So it’s that time again, where you get to listen to my incredible voice for the next little while. And I’m here to give you some hot tips and info all about consumer behaviour. Dun dun dun. 

Now, what is consumer behaviour? It’s the study of people’s association with buying things. Now this actually fascinated me back a million years ago, when I was in uni, I loved this subject. I love my giant textbook on it. Because believe it or not, we all have emotional and mental behaviours before and after making a purchase, no matter who you are. We’re all human, right? And yes, we all do this, most of us actually do it without even actively knowing. All human brains have emotional responses around purchasing goods, and of course services. So let’s get set into consumer behaviour, the next in my marketing 101 series. 

But just before that, why am I doing small marketing pocket rocket podcasts?

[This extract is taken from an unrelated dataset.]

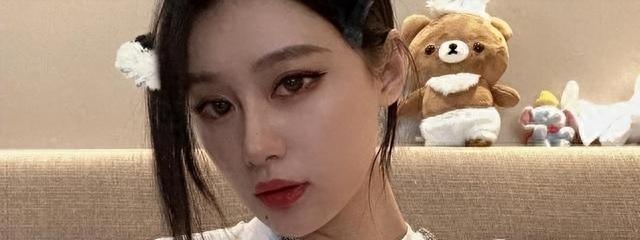 范志毅女儿范斯晶的三任男友:一任没钱,二任年纪大,第三任196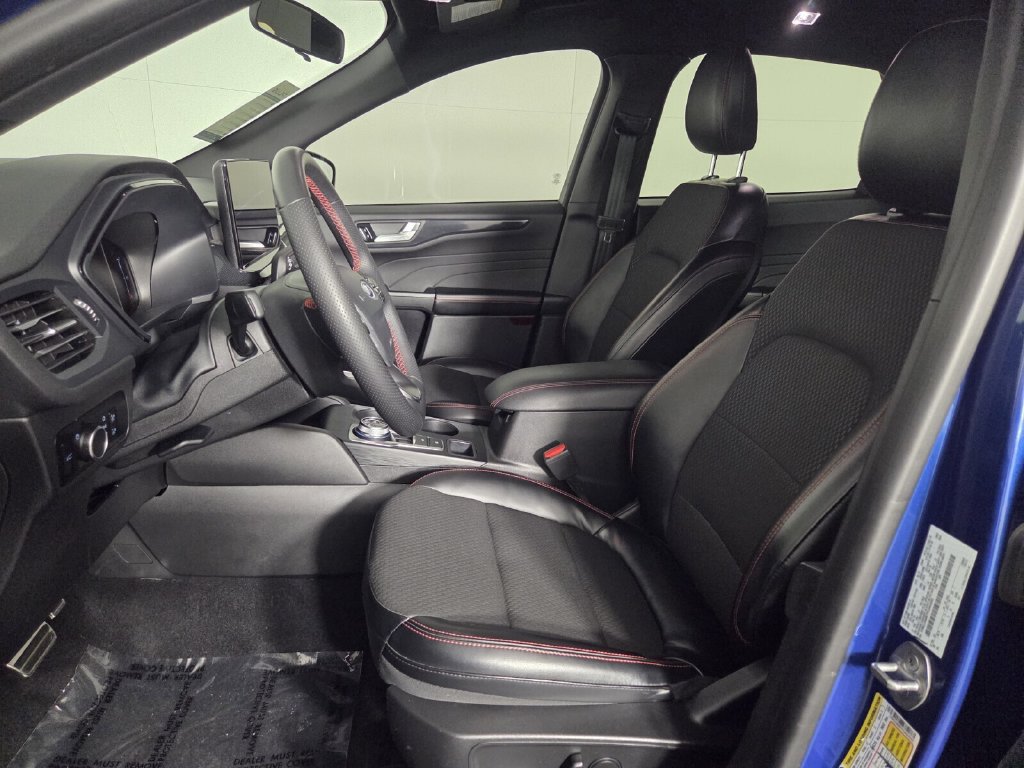 Used 2023 Ford Escape ST-Line w/ Tech Pack #1 FWD image 10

Well, first of all, of course, we want to give you all of the information, because we love that. Information is power. And these marketing 101 podcasts are to give you an insight into the world of marketing, into its different areas, breaking it down, and really stopping that overwhelm because I’m a marketer, I love marketing, done a four year degree, love everything about it, but I know it can be extremely overwhelming. But what I want to share with you is areas and different bits and pieces of it because it really really is just so interesting, so awesome to understand for all of our business owners. So let’s get stuck into it ladies, I digress, what is consumer behaviour? 

So, like I said earlier, consumer behaviour is the study of the buying tendencies of all of us humans. So, there are many stages that we go through before making a purchase. So there’s various factors that affect these stages. Okay, so we have factors such as cultural, social, personal, and psychological. Now, all of these affect the buying decisions of people, which means consumer behaviour makes up a giant part of marketing and the marketing process to really understand people. So delving deeper into this and what influences people to purchase a specific product or service. There are categories and factors that influence consumer behaviour, like I said earlier. 

So let’s look at the first one, personal factors. Okay, so an individual’s interests and opinions can be influenced by their demographics. What are demographics? We’re looking at age, gender, culture, so all of these are really, really going to affect the way people make a purchase. It can go down to childhood, it can be cultural, it doesn’t matter. But all of these factors affect that. So what are the psychological factors? Well, let’s think a person’s response to a marketing message is going to depend on their perceptions and their attitudes as a person, right? So for example, I might really respond well to a certain marketing message, it may resonate with my attitudes, it may resonate with my perceptions of the product, of life, of anything. And that can be completely different to someone even like my brother, my best friend, my mother, my cousin, it doesn’t matter, but different people really respond to a marketing message depending on their perceptions and attitudes of life. 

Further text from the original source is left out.